I wanted to do a brief discussion of Dave Thomas's 19th Code Kata. The gist of the problem is that given a wordlist of words can you determine a path from a source word to an end word, changing only one letter at a time, such that every intermediate step is also a valid word in the dictionary. For instance, the supplied example from 'cat' to 'dog' is: cat, cot, cog, dog. The general idea behind these code katas is that they are designed to be well-formed coding exercises to give programmers a chance to stretch and develop new skills. I've written more graph algorithms that run in a single-process space than I'd care to discuss (here's a simple graph implementation I wrote to learn Google's Go for instance Go-lang datastructures ), so I wanted to solve this one using a different paradigm of problem solving. For this one I wanted to write it as a MapReduce job. I'm familiar with CouchDB and it's built-in MapReduce implementation, but I wanted to go with something that worked in a fully-distributed mode as well as serve as practice for Hadoop. I love all my NoSQL options. The code for this discussion, as well as instructions to setup and run, is available at : codekata19-mapreduce.
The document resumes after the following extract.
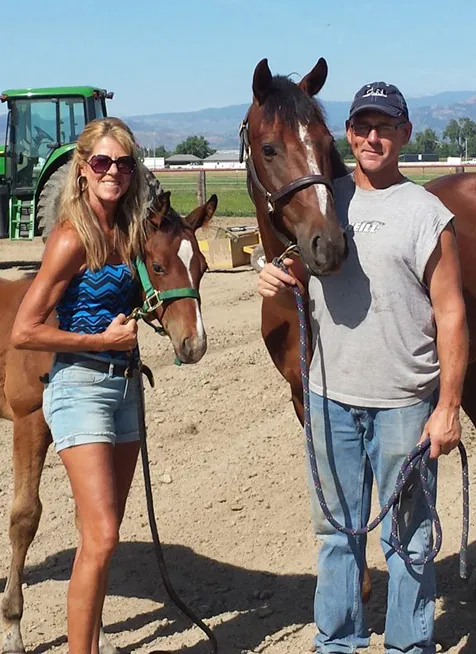 Luke and Leesa Vos, owners of Mountain View Ranch & Stables, with their horses against a Colorado backdrop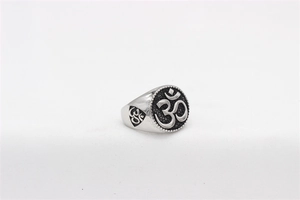 Macro detail of men's stainless steel ring featuring a black Om religious symbol engraving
For the sake of discussion, let's decompose the problem into two subproblems: graph construction and graph traversal.
Problem 1 - Graph construction
Given a list of words, we need to construct a graph such that every vertex is a valid word and every edge represents a valid single-letter transform to get to the next vertex. To solve this using MapReduce we make the input set of data the wordlist. The only "global" information that we need to pass around with the actual processing job is the dictionary so each JVM/Mapper in the system knows what constitutes a valid word (this is done using Hadoop's DistributedCache mechanism). The Map function will emit a key for every valid, single-step transform we can determine as valid. So the output is essentially the edge-set of our graph. The reduce function's only job in this case is to make sure we don't have duplicates and to format the data in a way such that we can use this MapReduce job's output as the input to the next phase. The final results of this will look something like:
cat cog,|-1|WHITE|
with an intentional trailing pipe. The code for this MapReduce job is available here: CodeKata19.java.
Problem 2 - Graph traversal
Graph traversal in this case is a brute-force breadth-first search of the entire graph. Cailin has done an excellent writeup of parallel, distributed breadth-first search at (Breadth-first graph search using iterative map reduce algorithm). The only modification I made to the proposed setup was including a complete path after the last pipe. The algorithm will run until no more GRAY nodes exist in the network, meaning all reachable nodes from a selected start point have been reached. It's worth noting that instead of being the "fastest" implementation, which could easily fit inside a single-process space, this is more of an exercise in distributed algorithms. One of the key advantages is that once this completes running we have the single-source, all-destination pair shortest path result. The final result contains all shortest paths to all feasible solutions. The code for this MapReduce job is available here: CodeKata19Search.java.